There are many a story of people asking questions in the church, and being silenced. The churches, both Protestant and Catholic all appealed to their own authority, ("because we said so"), "mystery" ("it's above your comprehension"), and "simple Biblicism" ("God said it, that settles it"). This further showed everyone that the Church did not really have the answers. Yet, they kept scaring people into submission, though. So for all those generations the church enjoyed all that power it had, but is now paying the PRICE of having society revolt and regard us as what else, but a bunch of hypocrites with no answers but only a desire for control. Now, they just appeal to conspiracy theories (Those Darwinians and Marxists crept in and took over our education and eroded our values.

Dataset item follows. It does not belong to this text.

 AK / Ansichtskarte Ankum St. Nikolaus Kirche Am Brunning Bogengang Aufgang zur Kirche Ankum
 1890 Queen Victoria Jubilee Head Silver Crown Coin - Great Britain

Now we must take our society back). And this many still do, avoiding dealing with and coming up with solid answers to the world's questions, beyond certain general clichés and memorized responses.

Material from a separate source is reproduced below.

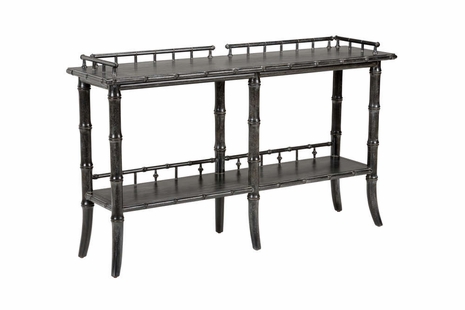 490290 Wildwood Wood Black/White Glaze Luzon Console - Charcoal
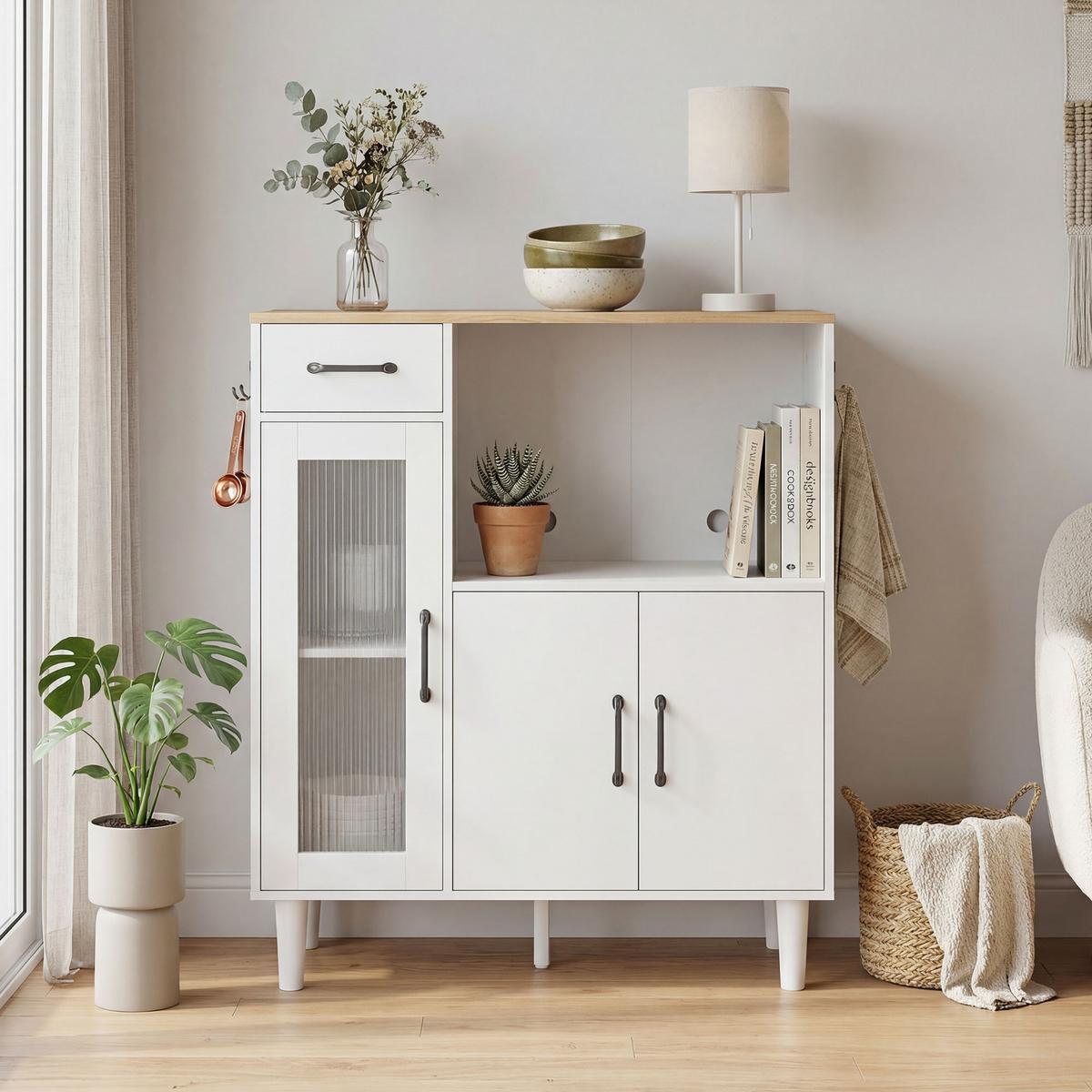 SIDEBOARD Spanplatte Acryl Weiß - Weiß, Holzwerkstoff (34/91/80cm) - HOMCOM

An example of all of the devastating effect of the old morality of the church was the Catholic Church in Ireland. It would take illegitimate children away from the mothers, ship them overseas, etc. The churches really thought they were preserving morality (and modern old-morality nostalgists think that did such a good job), but all they were really doing was destroying people emotionally and paving the way not only for the mass rebellion of these people, but also the wholesale rejection of everything concerning the old church and its old values and morality —whether true or false— of being dark and inhuman.

And remember, the church had taught such unbiblical JUNK as the flat earth, or the earth being the center of the universe, sex is evil, racism, sexism, persecution, etc. as "biblical truth". When first confronted with evolution, the church came up with such ridiculous responses as "the devil planted those fossils", or "God made the universe look old to deceive the godless", yet now, modern creationists, who have tried to smarten up their response with "Creation Science" wonder why their young earth, and Flood Geology theories are having no impression on anyone (and of course conclude how much the entire world and modern church has come under "the Big Lie") The new approach still tries to force-fit the observations of science into a particular interpretation of the Bible in order to verify it, instead of just acknowledging that we don't have all the answers as to exactly how it fits together, but believe "by faith...that the world was framed by the Word of God"(Heb.11:3). People see how selected scriptures were taken to justify all these things, that they no longer believe ANYTHING the church said, so the biblical truth that it does teach (abortion, chastity, homosexuality, trusting God for your needs, etc.) also went out with the other things. I'm finding out even now that my and others' trying to set everything straight is having little effect, because people see us as making just another reinterpretation of the Bible to appeal to them, but as the past interpretations that supported flat earth, racism, sexism, etc. were just interpretations, mine are seen as no more valid, even though they may be less of an offense. So we have really permanently lost the world on "biblical authority". It has been dismissed as just human interpretations.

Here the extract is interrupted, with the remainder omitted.